Inheritance of acquired characteristics (Lamarckism). The idea that traits can be passed from an organism to its offspring, not only as those traits are determined in a fixed way by genes, but also as they are altered by the activity of the parent organism during its life. The classic example for ridiculing this notion is the giraffe's neck: no matter how much a giraffe stretches its neck during its lifetime in order to browse on higher leaves, this will not affect the inherited neck length of the giraffe's offspring. But researchers today are exploring a rapidly increasing number of cases where acquired characteristics are passed on to offspring quite independently of genetic inheritance.

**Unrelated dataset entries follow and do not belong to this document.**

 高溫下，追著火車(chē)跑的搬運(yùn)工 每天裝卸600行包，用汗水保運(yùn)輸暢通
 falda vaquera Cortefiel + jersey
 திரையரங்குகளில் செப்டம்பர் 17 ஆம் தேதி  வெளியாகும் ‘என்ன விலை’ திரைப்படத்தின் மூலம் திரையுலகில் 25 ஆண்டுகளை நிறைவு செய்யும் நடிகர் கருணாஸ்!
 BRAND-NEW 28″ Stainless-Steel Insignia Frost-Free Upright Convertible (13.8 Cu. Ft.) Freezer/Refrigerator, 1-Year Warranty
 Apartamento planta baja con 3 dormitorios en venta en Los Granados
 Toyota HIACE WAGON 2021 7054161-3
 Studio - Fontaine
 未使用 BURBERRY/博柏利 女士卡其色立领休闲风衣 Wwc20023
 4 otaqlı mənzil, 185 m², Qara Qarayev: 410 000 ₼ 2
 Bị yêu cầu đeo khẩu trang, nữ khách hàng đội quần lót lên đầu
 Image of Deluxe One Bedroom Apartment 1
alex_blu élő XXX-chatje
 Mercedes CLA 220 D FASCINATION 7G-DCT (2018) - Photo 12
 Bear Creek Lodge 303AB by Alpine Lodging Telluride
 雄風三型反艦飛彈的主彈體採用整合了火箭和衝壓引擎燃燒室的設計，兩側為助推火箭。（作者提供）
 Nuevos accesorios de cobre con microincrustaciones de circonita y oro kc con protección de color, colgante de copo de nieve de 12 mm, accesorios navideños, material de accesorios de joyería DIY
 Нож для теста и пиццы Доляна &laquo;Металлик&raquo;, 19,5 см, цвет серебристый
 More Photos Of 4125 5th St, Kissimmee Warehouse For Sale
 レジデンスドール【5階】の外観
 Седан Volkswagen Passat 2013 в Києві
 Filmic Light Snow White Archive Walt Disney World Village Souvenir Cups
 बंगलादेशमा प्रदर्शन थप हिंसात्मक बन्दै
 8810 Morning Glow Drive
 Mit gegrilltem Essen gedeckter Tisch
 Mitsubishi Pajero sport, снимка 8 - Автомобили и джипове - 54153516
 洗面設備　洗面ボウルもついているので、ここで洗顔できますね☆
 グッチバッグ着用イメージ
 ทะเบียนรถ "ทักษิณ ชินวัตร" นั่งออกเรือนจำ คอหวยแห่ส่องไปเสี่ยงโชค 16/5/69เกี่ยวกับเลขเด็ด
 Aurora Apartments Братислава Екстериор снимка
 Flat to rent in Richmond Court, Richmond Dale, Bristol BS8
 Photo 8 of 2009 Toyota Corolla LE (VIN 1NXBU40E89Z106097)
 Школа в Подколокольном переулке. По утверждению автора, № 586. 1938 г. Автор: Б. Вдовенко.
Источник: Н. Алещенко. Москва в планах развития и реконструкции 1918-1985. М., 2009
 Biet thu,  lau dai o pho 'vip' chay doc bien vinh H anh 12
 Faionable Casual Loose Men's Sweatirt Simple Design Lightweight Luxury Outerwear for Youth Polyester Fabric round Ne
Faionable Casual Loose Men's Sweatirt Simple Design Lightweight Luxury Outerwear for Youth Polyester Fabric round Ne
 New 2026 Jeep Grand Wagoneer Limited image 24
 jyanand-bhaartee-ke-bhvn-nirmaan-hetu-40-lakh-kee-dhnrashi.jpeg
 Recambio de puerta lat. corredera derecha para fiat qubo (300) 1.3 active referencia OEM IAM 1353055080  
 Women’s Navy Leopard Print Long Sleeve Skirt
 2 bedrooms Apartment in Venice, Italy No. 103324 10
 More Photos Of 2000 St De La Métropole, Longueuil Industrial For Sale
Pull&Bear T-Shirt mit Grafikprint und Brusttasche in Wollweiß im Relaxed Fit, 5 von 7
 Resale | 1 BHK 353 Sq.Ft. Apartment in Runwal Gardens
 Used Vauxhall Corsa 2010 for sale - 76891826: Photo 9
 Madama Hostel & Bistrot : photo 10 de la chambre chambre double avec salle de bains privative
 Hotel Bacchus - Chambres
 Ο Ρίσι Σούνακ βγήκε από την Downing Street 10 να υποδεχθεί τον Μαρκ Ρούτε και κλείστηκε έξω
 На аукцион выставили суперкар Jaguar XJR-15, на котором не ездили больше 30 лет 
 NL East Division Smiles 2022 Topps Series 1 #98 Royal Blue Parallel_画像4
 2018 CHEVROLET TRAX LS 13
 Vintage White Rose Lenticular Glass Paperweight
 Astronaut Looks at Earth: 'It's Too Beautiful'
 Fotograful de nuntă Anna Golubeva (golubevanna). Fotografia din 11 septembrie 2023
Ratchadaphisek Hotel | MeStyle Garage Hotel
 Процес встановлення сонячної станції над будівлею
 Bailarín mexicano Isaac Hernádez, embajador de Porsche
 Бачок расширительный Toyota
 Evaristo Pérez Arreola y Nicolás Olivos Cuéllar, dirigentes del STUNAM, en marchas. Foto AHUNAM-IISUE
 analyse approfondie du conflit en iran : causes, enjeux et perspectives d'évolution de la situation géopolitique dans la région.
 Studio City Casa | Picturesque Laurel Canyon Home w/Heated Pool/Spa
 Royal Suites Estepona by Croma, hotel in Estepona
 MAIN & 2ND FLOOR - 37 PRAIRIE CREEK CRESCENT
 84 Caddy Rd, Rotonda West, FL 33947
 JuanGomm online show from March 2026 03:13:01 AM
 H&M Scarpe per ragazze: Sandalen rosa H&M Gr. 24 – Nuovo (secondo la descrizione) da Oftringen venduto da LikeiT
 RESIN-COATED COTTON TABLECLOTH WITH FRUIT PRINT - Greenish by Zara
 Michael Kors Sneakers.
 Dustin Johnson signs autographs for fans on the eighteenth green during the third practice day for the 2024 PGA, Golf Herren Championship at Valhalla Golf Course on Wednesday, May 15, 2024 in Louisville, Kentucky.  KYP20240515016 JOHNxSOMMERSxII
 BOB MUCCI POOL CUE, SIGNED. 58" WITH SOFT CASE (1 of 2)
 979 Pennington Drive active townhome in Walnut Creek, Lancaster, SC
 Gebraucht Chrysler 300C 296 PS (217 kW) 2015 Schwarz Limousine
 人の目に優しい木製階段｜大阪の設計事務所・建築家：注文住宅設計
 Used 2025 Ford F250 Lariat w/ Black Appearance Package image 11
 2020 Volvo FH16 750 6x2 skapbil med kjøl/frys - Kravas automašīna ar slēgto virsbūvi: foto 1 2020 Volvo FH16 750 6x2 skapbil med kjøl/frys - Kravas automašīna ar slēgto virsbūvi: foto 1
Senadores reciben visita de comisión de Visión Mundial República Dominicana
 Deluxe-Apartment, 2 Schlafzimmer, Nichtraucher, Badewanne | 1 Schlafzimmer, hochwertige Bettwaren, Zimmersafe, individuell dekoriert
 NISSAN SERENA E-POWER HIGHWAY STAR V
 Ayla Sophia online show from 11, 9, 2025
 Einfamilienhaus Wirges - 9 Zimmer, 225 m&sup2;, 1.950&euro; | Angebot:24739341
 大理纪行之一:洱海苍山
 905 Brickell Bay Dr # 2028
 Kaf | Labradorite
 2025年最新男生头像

This inheritance is achieved by epigenetic means. "Lamarckism" refers to Jean-Baptiste Pierre Antoine de Monet, Chevalier de la Marck (1744-1829), who argued for the inheritance of acquired characteristics.

initiator (Inr). The initiator, one of the components of a gene promoter. In the absence of the TATA box -- or in conjunction with it or with other promoter elements -- Inr can provide a base for the constellation of the pre-initiation complex.

insulator. A DNA sequence that acts as a kind of boundary element, blocking the effects of certain regulatory elements. In particular, an insulator can block the role of an enhancer, or, more broadly, it can prevent the spread of highly condensed chromatin into neighboring regions, where the condensed chromatin might have the effect of suppressing gene expression. Insulators help make possible the independent regulation of nearby chromosome regions.

intron. A segment of the DNA sequence of a gene; more specifically: a segment whose corresponding segment in the gene's RNA transcript is deleted from the transcript before translation. The deletion occurs as a result of the RNA splicing process. Or, in the case of noncoding DNA and its RNA transcripts: introns are those segments deleted before the final functional form of the RNA is achieved. "Intron" can refer either to the DNA sequence or to the corresponding transcribed RNA sequence. Compare exon.

in vitro. "In glass" -- that is, in an artificial environment such as a test tube or laboratory dish.

in vivo. In a living context -- more specifically, in the living cell or organism.

ionizing radiation. Radiation consisting of high-energy particles that can strip electrons from atoms, thereby changing their chemical reactivity, which in turn can cause biological damage.

jumping gene. Another name for a transposon.

LCR. See locus control region.

linker DNA. The relatively short length of DNA extending between successive nucleosomes. It is typically a few tens of base pairs long.

linker histone. A histone (most often the histone known as "H1") that binds the DNA entering a nucleosome spool to the exiting DNA, thereby stabilizing the nucleosome and conducing to the formation of more regular arrays of compact chromatin.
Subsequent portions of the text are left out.